Your instructions:
Omit the pictures and return exactly the stretch of the material below from the line with "A sleek yacht" through the line with "A man sits in".

Material provided:

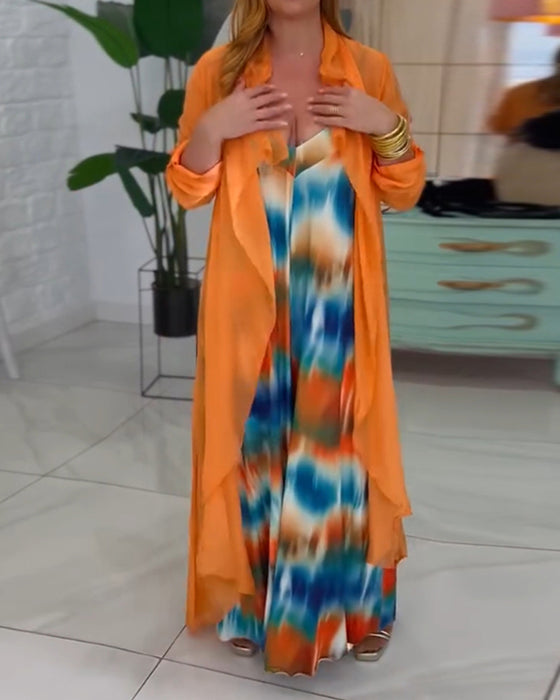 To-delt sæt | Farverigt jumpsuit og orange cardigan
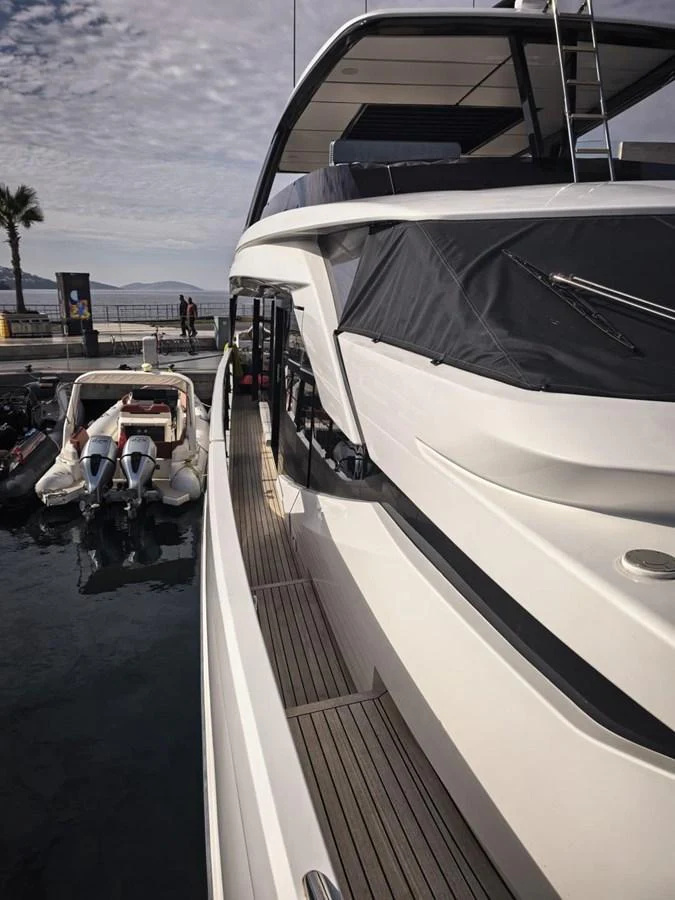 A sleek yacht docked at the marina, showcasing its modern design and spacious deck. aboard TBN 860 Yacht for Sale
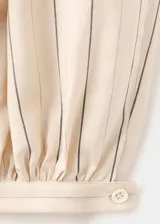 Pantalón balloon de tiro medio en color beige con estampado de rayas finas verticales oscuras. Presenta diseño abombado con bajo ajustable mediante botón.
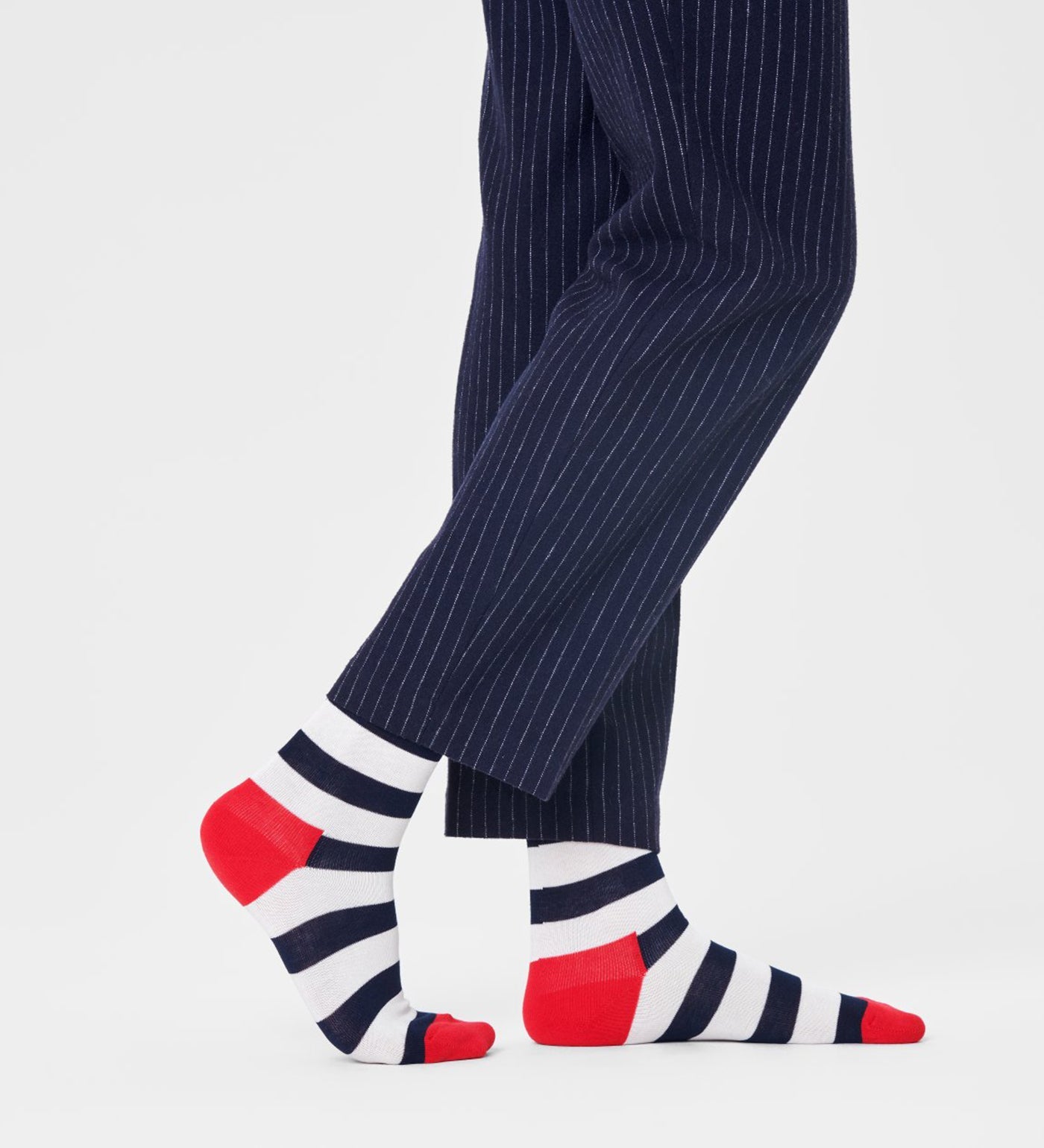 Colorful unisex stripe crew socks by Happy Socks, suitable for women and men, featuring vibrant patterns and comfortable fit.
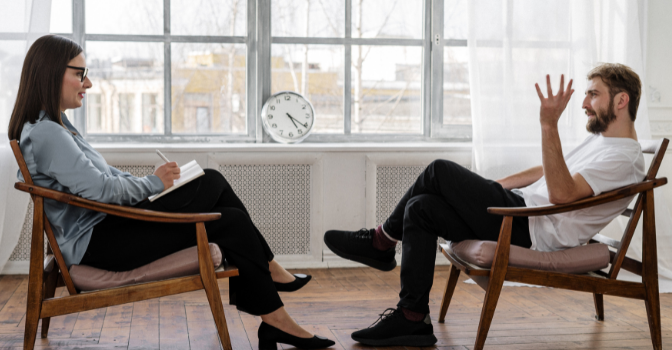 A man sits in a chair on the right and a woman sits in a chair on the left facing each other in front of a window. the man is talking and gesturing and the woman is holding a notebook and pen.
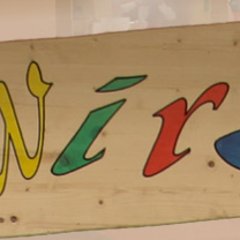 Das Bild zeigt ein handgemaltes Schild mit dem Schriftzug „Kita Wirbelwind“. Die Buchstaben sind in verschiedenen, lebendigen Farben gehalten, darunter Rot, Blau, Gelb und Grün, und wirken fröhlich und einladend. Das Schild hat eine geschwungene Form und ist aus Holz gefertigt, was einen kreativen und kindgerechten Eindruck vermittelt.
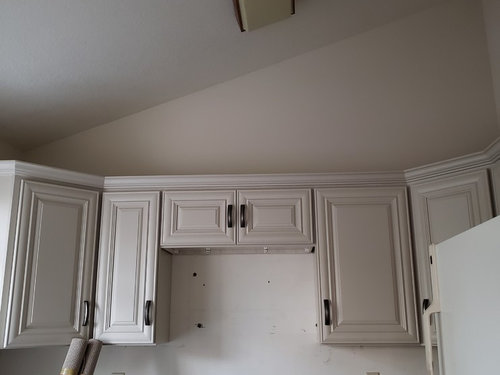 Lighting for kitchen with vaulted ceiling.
---
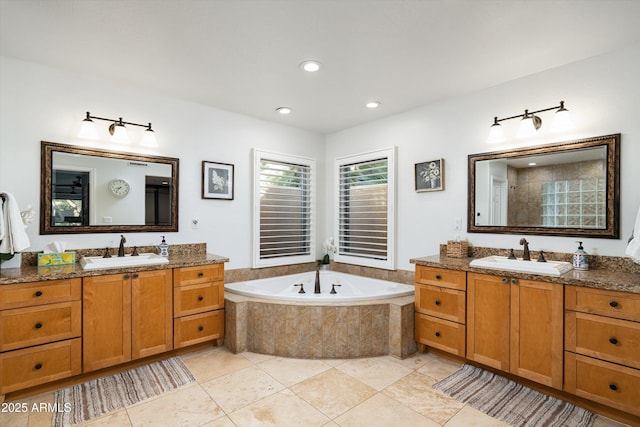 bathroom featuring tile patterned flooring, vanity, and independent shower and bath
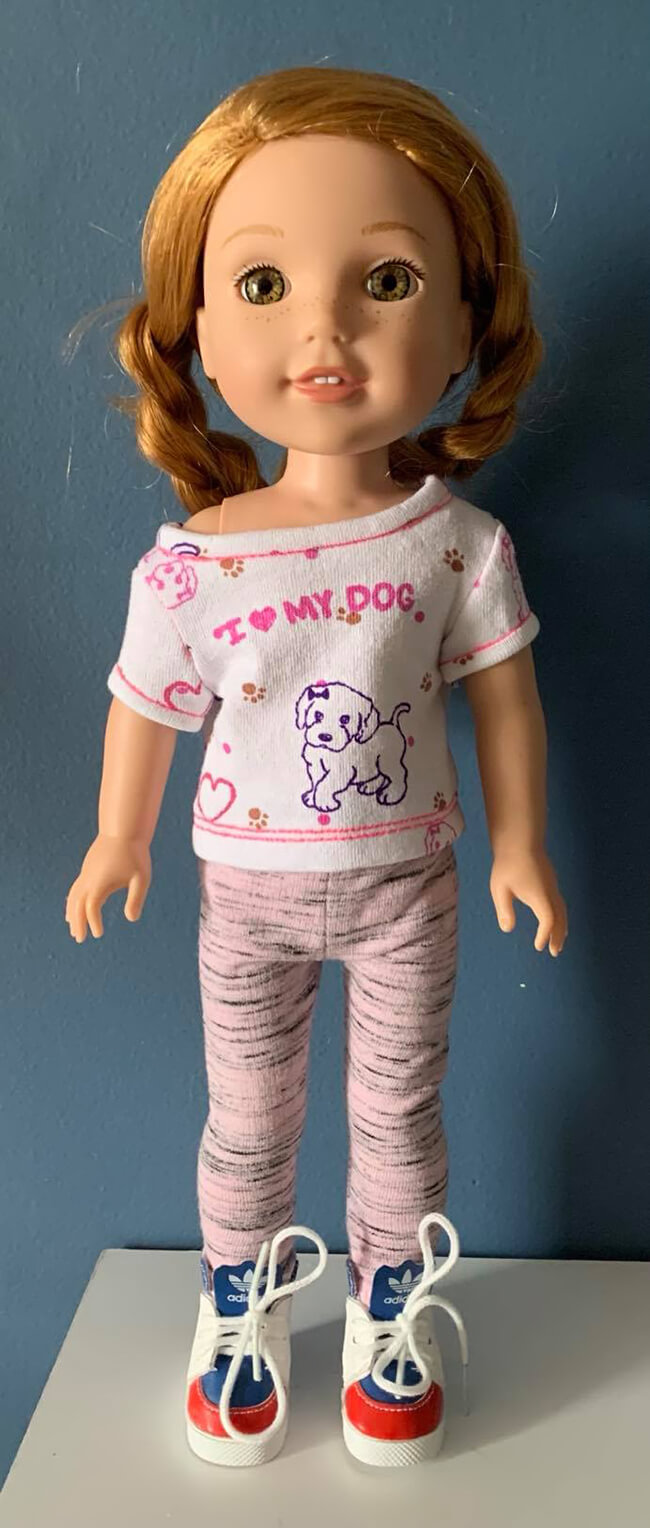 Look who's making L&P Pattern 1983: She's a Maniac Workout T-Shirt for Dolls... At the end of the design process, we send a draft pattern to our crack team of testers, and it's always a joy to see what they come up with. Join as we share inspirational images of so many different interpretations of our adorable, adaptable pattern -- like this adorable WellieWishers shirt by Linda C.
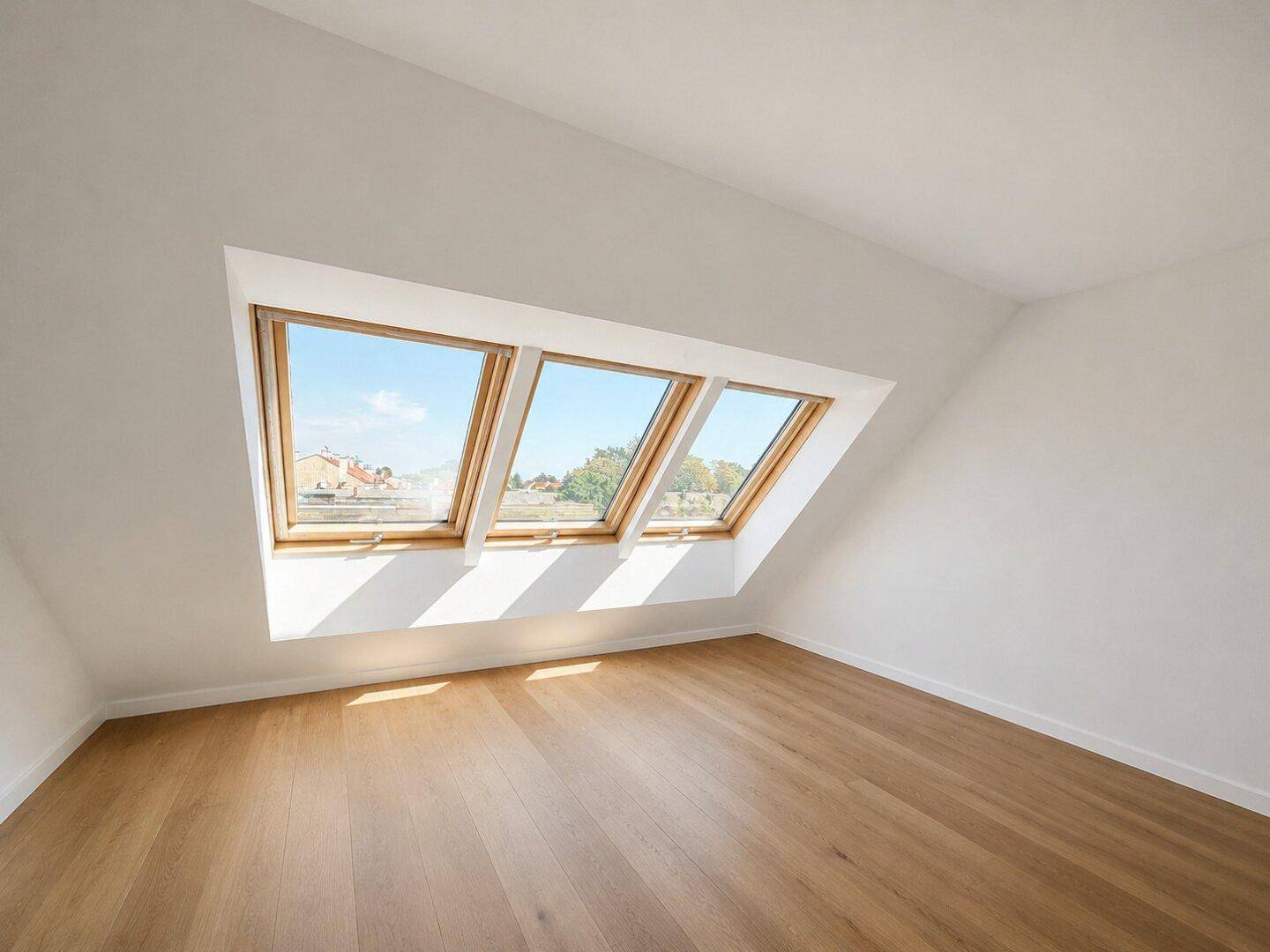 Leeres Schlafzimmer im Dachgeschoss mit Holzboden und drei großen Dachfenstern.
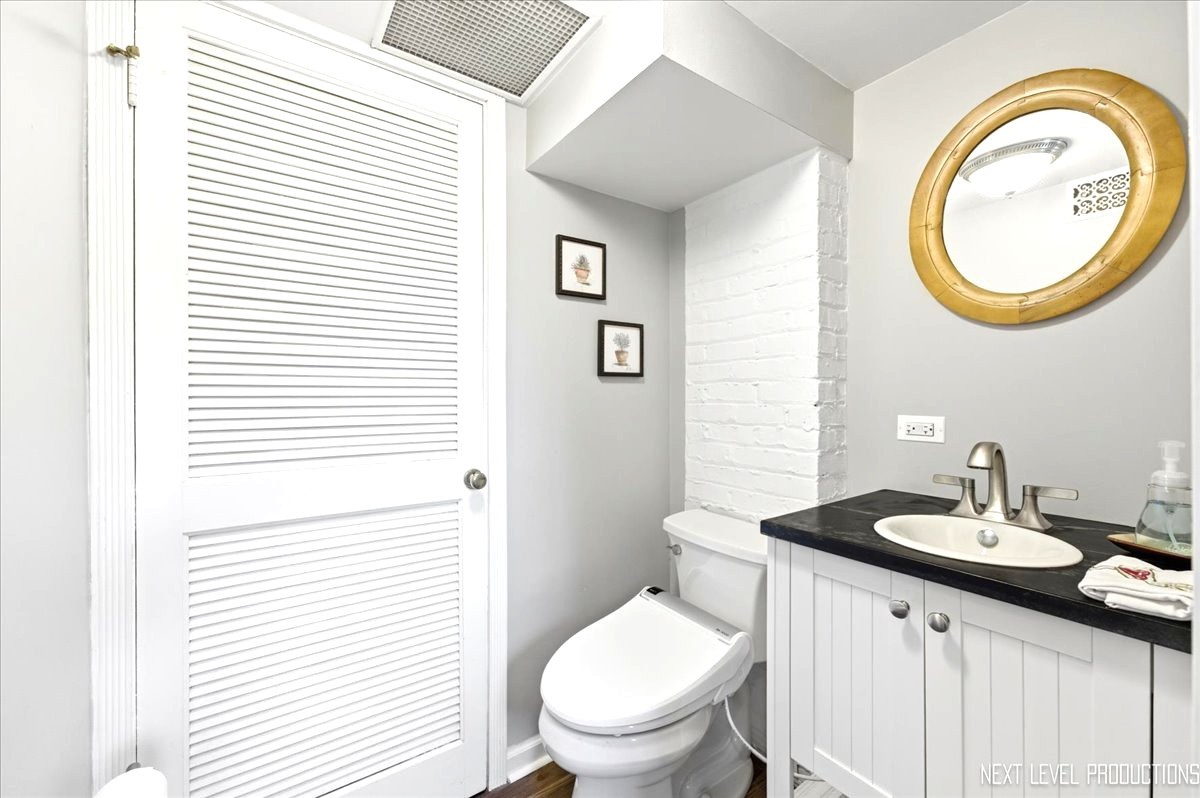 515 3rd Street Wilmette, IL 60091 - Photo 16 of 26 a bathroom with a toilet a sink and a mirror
...
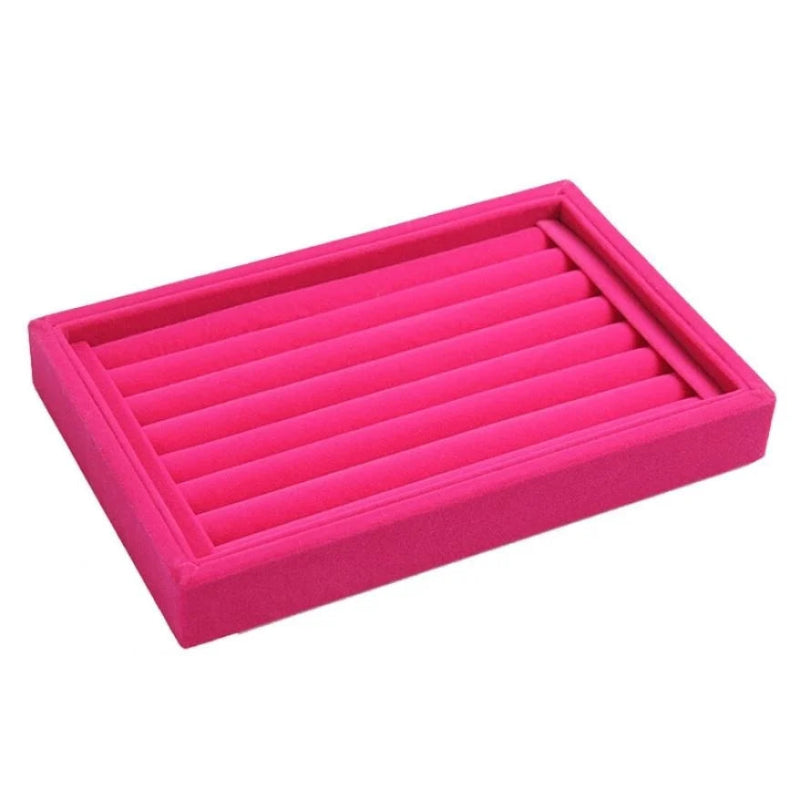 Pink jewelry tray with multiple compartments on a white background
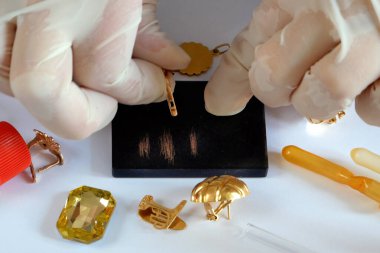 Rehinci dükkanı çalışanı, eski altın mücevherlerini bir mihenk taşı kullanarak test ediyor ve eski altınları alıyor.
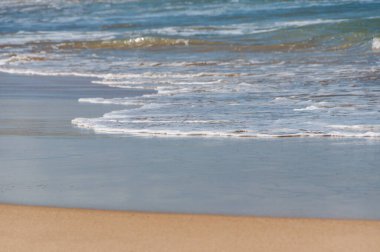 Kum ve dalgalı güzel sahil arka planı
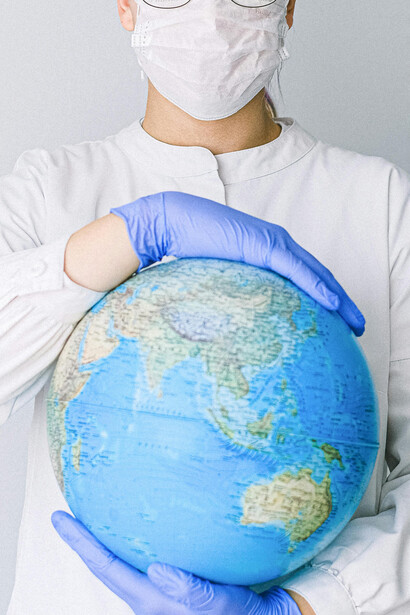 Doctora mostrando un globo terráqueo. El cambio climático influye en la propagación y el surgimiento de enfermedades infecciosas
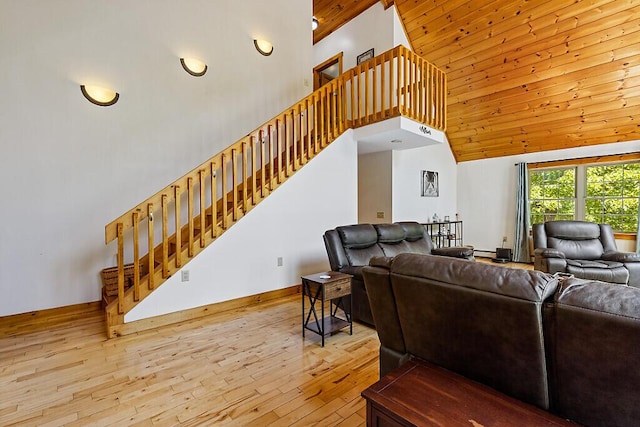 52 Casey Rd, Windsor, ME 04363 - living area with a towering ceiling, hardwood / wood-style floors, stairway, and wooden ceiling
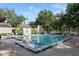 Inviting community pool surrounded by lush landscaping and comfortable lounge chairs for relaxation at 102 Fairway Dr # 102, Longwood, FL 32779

Final answer:
 A sleek yacht docked at the marina, showcasing its modern design and spacious deck. aboard TBN 860 Yacht for Sale
 Pantalón balloon de tiro medio en color beige con estampado de rayas finas verticales oscuras. Presenta diseño abombado con bajo ajustable mediante botón.
 Colorful unisex stripe crew socks by Happy Socks, suitable for women and men, featuring vibrant patterns and comfortable fit.
 A man sits in a chair on the right and a woman sits in a chair on the left facing each other in front of a window. the man is talking and gesturing and the woman is holding a notebook and pen.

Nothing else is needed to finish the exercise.